### THE TASK
Each line of the material must be reproduced exactly; pictures stay out.

### DATASET EXCERPT
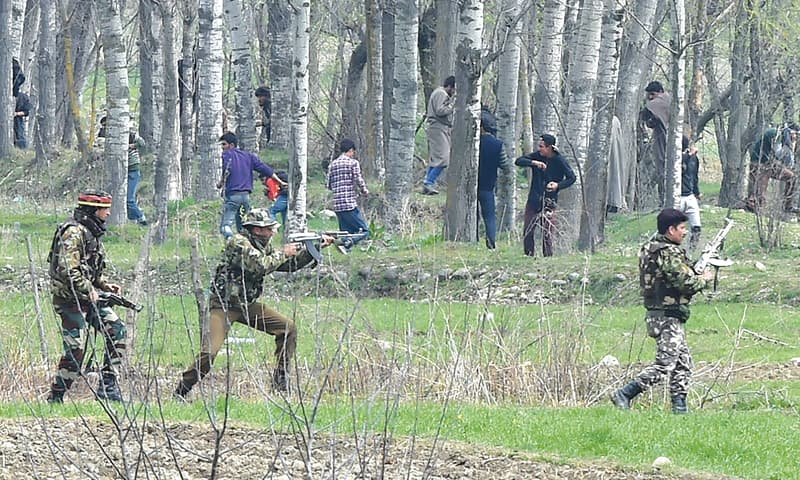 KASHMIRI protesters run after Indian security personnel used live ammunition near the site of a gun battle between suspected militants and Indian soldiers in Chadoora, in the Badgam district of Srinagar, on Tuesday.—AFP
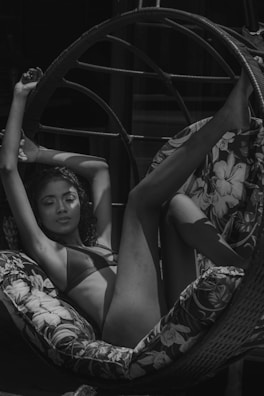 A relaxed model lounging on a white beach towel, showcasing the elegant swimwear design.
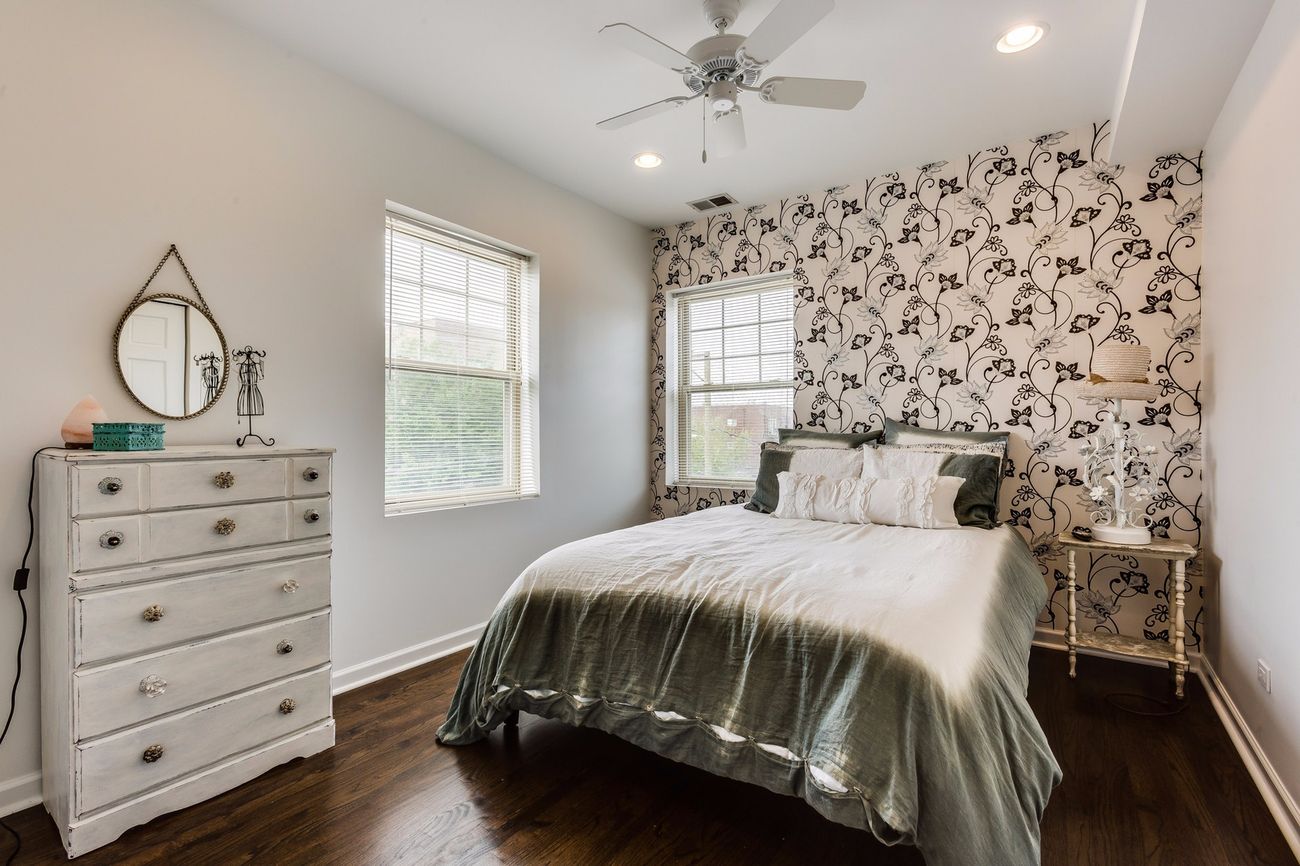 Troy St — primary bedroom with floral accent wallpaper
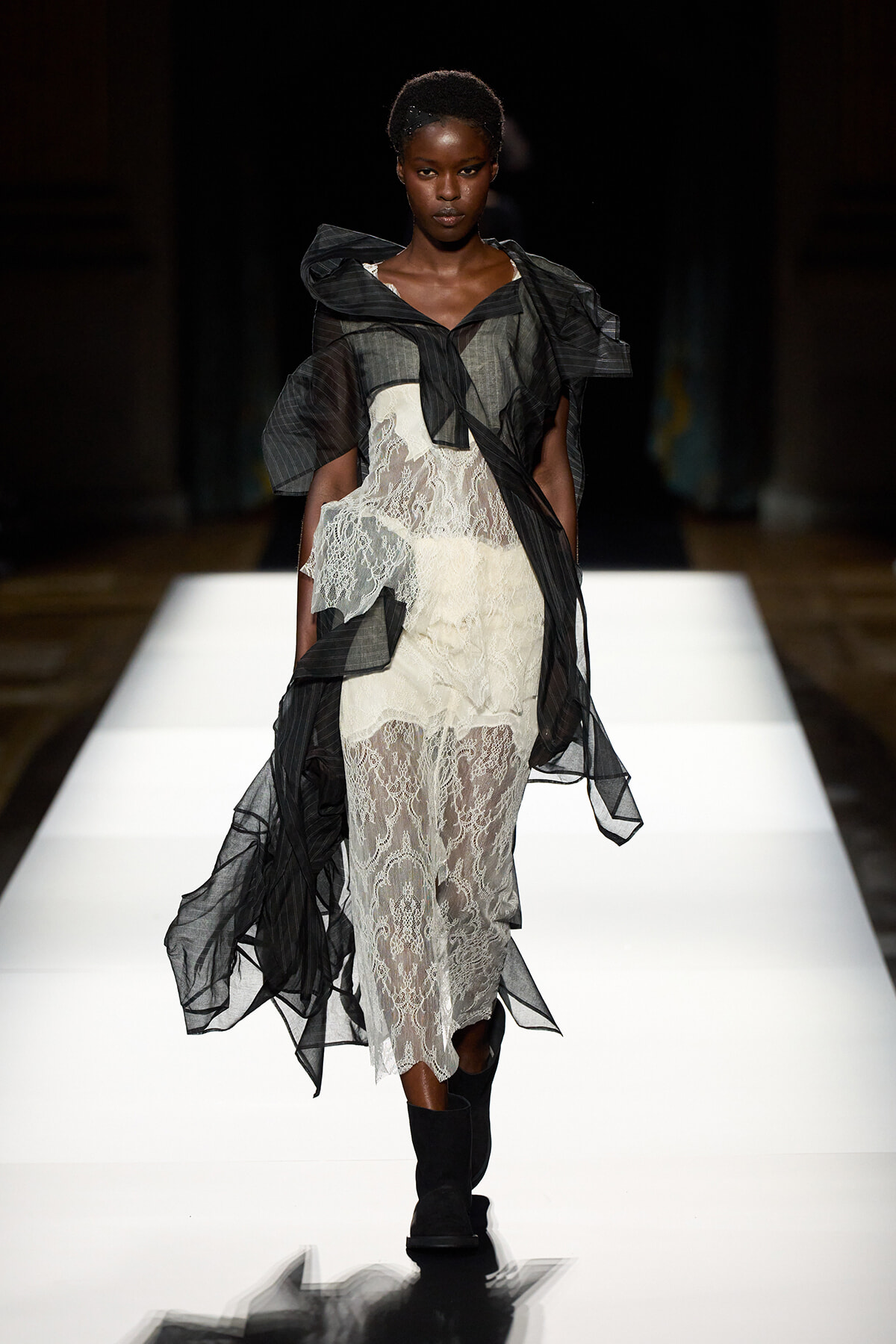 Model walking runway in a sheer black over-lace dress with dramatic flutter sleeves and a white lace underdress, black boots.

### SOLUTION TO THIS PROBLEM
 KASHMIRI protesters run after Indian security personnel used live ammunition near the site of a gun battle between suspected militants and Indian soldiers in Chadoora, in the Badgam district of Srinagar, on Tuesday.—AFP
 A relaxed model lounging on a white beach towel, showcasing the elegant swimwear design.
 Troy St — primary bedroom with floral accent wallpaper
 Model walking runway in a sheer black over-lace dress with dramatic flutter sleeves and a white lace underdress, black boots.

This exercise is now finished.